[COLLECTED DATA — start]

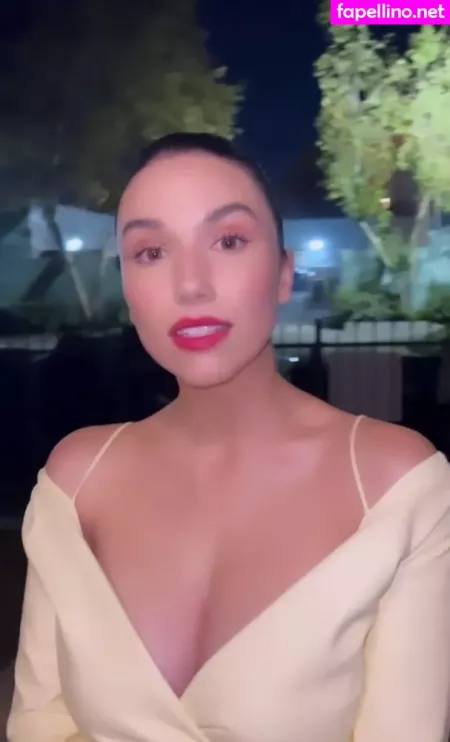 Grace Caroline Currey OnlyFans Thumbnail #2UHYjdLPrU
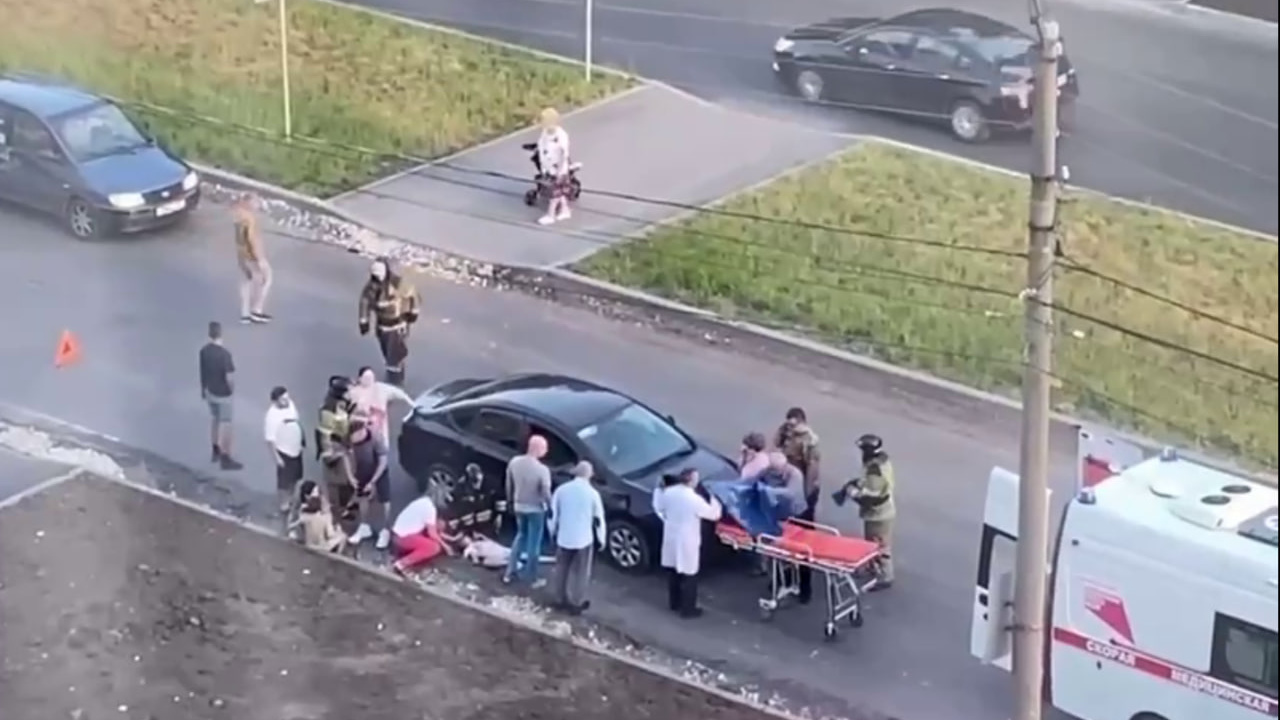 Смертельное ДТП в Дзержинске: машина сбила двух детей. Погибла семилетняя девочка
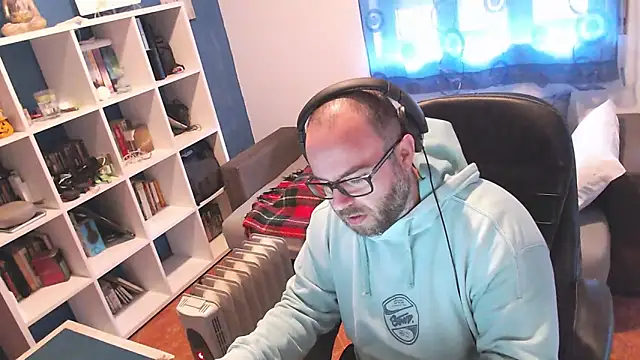 ravingr4d4 online show from 03.10.25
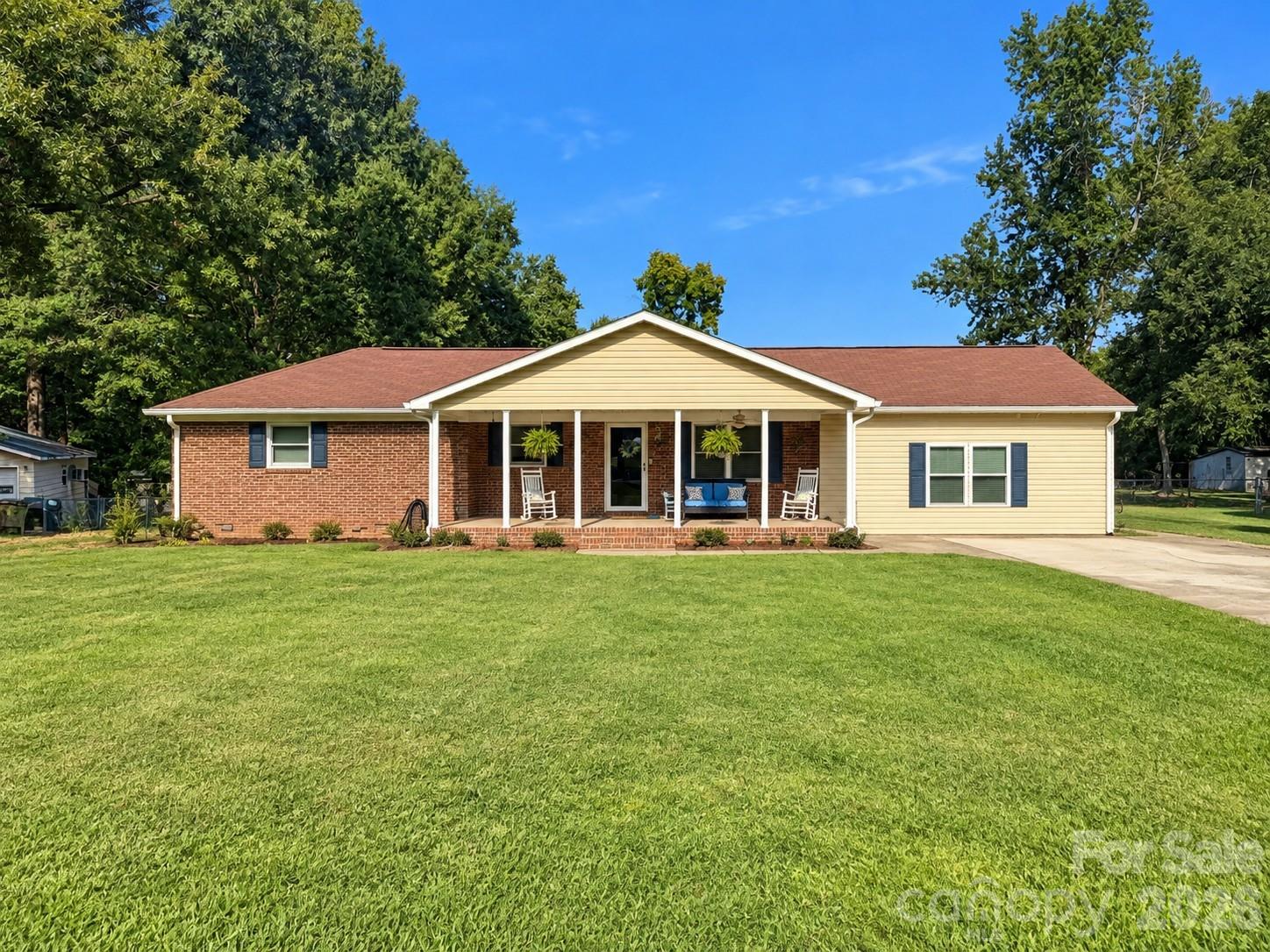 15229 Comanche Lane 21 Property Photo 1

[COLLECTED DATA — finish]

**EXERCISE GOAL:**
Output the complete listing exactly as it appears, except for the images.

**OUTPUT:**
 Grace Caroline Currey OnlyFans Thumbnail #2UHYjdLPrU
 Смертельное ДТП в Дзержинске: машина сбила двух детей. Погибла семилетняя девочка
 ravingr4d4 online show from 03.10.25
 15229 Comanche Lane 21 Property Photo 1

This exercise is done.